Though some mark 50th anniversaries with gold, Séripop’s The Face Stayed East, the Mouth Went West marks the 50th anniversary of Charlottetown’s Confederation Centre by opening with more striking elements.
Interested in exploring entropy in bright colours and on a grand scale, Séripop—who are Montreal-based duo Chloe Lum and Yannick Desranleau—inject a measure of disorder into the glassed-in exhibition room that serves as a subterranean entrance to the Confederation Centre Art Gallery.
While I was visiting, another gallery visitor asked, “Can I walk through this?” It’s a fair question, as the installation appears at first blush as a tangled and unfurling construction zone made up of a giddy and gaudy palette reflecting pop and mod aesthetics that appropriately recall 1964, the Centre’s inaugural year. A cartoonishly oversized and bent styrofoam dumbbell greets new arrivals, sitting in front of swathes of Tyvek, rope, and vinyl tarpaulin draped over scaffolding stretching nearly the full length of the gallery room.
Three lightboxes propped up by beanbag chairs—one hot pink and protruding tongue-like from under the lightbox’s weight—display overlaid theatrical scenes in which the players are packages of wrapped materials falling into place in a Photoshop-reimagined version of the Centre’s gallery rooms. The extension cords that power the lightboxes—intentionally bright orange—hang loose as further interventions into the pedestrian traffic lanes.
“You’re not entering a room full of artworks, you’re entering the artwork itself,” Confederation Centre Art Gallery curator Pan Wendt comments on The Face Stayed East, the Mouth Went West and installation art more generally. “And this building didn’t anticipate it.”
Séripop’s installation reacts in large part to the artists’ impression of the Centre, and Wendt suggests that the difficulty of navigating the installation plays on the difficulty of finding one’s way around the Centre itself.

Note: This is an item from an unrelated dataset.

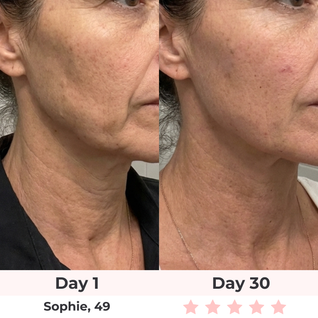 SculptGlow Pro® — 7-in-1 LED Facial Sculptor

Desranleau and Lum conducted in-depth research about the
building in Montreal at the Canadian Centre for Architecture, whose archives house the storied history of the Confederation Centre’s genesis from its designers’ initial modernist hope for a Brutalist building that was “complete unto itself,” says Wendt, to a lawsuit that developed with an allegedly incompetent construction company, eventually resulting in the architecture firm pulling out of the project completely. The building’s use has veered from its architect’s original vision of concrete perfection to one that has come to include gardens and marble, among many other unforeseen features. Séripop comment on the building’s history with an installation that parallels the pop-influenced installation aesthetics of artists like Jessica Stockholder and Davis Rhodes.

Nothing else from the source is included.